Look below for the line containing "Hatchbacks FORD FOCUS 2014 White" and the line containing "the color light"; repeat exactly those two lines and all lines between them, and nothing else.
:: RECORDS FOR THIS TASK
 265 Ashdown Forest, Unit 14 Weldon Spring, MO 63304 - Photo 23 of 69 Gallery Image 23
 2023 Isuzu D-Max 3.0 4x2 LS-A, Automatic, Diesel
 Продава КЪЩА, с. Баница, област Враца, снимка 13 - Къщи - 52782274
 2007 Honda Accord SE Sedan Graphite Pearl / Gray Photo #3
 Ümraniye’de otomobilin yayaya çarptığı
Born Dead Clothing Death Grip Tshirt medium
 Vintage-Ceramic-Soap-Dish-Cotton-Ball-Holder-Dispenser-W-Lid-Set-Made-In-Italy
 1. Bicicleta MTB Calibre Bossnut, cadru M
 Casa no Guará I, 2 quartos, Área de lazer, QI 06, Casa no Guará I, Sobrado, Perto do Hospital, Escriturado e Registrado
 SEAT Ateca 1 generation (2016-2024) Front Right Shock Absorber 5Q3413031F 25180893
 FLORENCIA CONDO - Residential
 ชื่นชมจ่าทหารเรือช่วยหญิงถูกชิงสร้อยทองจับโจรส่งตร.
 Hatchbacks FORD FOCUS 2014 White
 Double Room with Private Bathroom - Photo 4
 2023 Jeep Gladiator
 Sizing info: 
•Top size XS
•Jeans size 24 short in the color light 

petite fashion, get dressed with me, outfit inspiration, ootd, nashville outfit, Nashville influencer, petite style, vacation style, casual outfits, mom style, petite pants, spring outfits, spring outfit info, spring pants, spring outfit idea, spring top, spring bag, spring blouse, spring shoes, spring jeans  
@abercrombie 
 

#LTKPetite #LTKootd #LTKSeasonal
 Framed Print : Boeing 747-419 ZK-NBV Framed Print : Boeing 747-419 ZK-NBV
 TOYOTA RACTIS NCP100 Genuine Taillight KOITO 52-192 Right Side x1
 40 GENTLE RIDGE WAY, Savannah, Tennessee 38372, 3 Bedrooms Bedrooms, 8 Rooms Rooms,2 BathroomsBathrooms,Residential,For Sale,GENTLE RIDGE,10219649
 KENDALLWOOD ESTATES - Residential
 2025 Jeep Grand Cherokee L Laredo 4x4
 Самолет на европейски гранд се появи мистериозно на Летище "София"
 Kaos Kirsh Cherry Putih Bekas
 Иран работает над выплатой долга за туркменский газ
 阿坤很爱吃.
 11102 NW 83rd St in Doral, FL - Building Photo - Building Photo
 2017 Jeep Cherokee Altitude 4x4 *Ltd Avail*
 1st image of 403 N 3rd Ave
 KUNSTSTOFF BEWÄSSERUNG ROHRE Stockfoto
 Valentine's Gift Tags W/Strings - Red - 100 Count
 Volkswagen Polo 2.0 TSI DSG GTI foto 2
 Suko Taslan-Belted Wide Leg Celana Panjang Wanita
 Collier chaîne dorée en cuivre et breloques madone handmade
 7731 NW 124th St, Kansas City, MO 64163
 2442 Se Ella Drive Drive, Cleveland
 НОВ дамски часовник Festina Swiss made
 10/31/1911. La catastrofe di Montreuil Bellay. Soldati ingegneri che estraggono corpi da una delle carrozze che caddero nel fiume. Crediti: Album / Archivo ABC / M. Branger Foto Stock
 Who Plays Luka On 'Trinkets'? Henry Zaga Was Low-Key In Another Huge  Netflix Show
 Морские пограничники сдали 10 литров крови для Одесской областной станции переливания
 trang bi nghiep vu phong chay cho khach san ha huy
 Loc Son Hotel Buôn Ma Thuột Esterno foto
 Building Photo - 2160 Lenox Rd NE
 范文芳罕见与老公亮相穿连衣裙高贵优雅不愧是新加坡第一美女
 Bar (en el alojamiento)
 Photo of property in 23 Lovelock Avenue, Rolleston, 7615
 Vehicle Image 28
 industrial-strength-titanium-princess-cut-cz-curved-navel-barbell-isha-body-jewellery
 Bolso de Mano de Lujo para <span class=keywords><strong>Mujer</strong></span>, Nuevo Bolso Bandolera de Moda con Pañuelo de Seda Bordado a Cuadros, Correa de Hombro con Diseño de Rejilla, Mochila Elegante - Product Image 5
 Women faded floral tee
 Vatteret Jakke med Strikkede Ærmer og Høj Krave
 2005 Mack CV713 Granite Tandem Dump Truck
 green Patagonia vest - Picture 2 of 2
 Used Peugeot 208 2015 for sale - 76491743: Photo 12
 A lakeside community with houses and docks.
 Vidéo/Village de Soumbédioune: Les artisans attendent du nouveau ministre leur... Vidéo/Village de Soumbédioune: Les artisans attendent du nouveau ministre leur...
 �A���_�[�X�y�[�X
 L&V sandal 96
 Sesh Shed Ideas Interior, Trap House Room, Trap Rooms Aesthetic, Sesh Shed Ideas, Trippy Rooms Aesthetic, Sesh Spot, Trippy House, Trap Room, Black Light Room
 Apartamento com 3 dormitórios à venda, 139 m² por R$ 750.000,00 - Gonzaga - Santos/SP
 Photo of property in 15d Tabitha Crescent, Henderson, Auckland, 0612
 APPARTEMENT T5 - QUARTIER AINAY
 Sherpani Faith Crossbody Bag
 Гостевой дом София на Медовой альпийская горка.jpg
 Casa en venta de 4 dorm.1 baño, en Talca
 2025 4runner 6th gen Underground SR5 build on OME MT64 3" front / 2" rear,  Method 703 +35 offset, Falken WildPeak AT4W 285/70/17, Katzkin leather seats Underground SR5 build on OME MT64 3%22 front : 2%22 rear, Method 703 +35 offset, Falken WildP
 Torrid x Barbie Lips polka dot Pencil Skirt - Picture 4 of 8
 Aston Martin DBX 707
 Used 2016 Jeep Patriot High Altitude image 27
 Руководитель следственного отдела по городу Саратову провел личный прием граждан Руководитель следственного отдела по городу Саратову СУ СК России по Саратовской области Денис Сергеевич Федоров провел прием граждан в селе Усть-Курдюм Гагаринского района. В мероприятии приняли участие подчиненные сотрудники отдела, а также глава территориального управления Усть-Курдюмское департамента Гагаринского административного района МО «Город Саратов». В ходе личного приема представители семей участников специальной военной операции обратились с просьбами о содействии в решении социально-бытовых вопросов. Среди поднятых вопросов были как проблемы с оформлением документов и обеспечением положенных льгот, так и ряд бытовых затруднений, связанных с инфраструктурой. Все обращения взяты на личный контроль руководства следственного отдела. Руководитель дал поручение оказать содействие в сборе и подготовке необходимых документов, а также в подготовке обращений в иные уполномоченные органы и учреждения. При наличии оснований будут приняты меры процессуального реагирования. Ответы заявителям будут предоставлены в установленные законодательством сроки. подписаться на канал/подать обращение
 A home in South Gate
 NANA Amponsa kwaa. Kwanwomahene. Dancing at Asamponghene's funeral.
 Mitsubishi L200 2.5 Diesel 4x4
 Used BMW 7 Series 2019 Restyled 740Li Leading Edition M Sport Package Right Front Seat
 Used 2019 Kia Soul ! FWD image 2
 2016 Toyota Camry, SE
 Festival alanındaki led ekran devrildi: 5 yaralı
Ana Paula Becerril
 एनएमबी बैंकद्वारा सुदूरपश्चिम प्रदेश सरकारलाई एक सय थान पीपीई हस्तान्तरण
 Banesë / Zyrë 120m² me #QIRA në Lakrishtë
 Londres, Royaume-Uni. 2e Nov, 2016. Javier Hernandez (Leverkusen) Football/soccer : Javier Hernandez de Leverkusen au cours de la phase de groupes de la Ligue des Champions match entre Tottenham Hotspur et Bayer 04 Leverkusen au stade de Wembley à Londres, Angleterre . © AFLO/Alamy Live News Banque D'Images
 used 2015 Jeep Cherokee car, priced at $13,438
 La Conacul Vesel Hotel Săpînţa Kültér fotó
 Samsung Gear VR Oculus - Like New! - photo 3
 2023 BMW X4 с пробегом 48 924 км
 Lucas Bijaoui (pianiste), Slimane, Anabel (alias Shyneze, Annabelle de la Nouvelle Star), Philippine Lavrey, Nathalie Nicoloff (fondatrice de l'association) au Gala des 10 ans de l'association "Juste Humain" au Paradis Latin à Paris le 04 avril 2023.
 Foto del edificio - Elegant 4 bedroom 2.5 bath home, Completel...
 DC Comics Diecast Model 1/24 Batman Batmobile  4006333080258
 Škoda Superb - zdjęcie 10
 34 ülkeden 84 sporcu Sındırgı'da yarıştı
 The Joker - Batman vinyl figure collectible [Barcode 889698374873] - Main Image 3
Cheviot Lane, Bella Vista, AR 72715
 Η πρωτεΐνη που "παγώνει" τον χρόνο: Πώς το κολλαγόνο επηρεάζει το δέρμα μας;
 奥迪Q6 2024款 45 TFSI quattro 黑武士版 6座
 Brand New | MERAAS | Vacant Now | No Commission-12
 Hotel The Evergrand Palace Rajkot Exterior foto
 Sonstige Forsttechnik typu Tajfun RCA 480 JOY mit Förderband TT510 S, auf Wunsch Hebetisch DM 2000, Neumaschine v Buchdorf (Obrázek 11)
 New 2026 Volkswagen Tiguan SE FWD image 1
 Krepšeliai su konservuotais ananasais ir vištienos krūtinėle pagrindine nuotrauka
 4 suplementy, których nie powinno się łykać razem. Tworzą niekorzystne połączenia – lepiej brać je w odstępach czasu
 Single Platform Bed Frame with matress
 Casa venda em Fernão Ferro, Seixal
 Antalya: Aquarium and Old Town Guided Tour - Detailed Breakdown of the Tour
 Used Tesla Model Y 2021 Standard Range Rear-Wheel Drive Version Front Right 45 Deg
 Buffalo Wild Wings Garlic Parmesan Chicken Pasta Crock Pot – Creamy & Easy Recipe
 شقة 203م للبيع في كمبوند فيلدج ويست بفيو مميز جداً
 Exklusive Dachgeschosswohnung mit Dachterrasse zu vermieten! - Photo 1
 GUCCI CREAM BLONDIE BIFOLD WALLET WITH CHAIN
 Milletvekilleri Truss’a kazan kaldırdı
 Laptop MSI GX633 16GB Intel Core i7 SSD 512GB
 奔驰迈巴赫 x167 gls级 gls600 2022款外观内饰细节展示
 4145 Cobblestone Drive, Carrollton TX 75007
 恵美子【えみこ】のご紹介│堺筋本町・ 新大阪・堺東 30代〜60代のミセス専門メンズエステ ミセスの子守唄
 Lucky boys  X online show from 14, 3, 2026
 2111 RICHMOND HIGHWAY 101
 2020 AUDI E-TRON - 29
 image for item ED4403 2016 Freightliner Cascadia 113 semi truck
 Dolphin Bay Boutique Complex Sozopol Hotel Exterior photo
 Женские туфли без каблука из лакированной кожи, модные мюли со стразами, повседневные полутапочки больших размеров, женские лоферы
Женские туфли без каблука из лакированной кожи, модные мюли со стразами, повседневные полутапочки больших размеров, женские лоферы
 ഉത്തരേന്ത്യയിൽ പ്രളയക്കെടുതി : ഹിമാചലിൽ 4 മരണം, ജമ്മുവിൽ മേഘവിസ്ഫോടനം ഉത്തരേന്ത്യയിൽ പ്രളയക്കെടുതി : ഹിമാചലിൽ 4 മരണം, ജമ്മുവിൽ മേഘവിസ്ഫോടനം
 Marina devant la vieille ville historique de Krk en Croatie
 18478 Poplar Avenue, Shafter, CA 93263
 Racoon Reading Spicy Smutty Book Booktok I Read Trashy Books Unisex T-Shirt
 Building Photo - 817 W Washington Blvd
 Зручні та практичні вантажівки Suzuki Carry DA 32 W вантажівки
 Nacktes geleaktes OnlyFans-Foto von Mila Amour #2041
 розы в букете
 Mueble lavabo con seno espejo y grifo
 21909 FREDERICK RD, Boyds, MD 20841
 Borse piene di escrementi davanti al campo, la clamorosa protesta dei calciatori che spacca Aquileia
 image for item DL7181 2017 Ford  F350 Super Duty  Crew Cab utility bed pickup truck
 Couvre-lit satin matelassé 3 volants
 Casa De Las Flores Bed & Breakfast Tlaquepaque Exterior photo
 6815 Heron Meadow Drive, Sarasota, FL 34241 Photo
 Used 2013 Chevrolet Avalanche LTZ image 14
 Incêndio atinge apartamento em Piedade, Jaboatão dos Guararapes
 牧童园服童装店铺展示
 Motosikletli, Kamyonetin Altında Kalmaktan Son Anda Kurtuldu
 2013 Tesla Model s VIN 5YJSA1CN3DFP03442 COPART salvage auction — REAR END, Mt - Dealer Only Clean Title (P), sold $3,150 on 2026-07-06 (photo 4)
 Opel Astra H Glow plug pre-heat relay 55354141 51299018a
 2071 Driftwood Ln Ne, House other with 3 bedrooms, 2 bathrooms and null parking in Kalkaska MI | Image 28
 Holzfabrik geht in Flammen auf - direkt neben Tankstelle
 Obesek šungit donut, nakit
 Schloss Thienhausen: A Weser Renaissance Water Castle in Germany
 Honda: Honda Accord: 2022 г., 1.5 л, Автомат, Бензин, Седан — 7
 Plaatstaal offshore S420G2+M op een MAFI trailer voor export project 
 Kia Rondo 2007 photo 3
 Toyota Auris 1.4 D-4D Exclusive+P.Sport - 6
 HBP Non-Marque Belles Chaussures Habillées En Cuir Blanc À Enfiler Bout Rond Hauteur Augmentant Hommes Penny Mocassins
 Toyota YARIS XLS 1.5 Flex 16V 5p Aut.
::::
**SOLUTION:**
 Hatchbacks FORD FOCUS 2014 White
 Double Room with Private Bathroom - Photo 4
 2023 Jeep Gladiator
 Sizing info: 
•Top size XS
•Jeans size 24 short in the color light 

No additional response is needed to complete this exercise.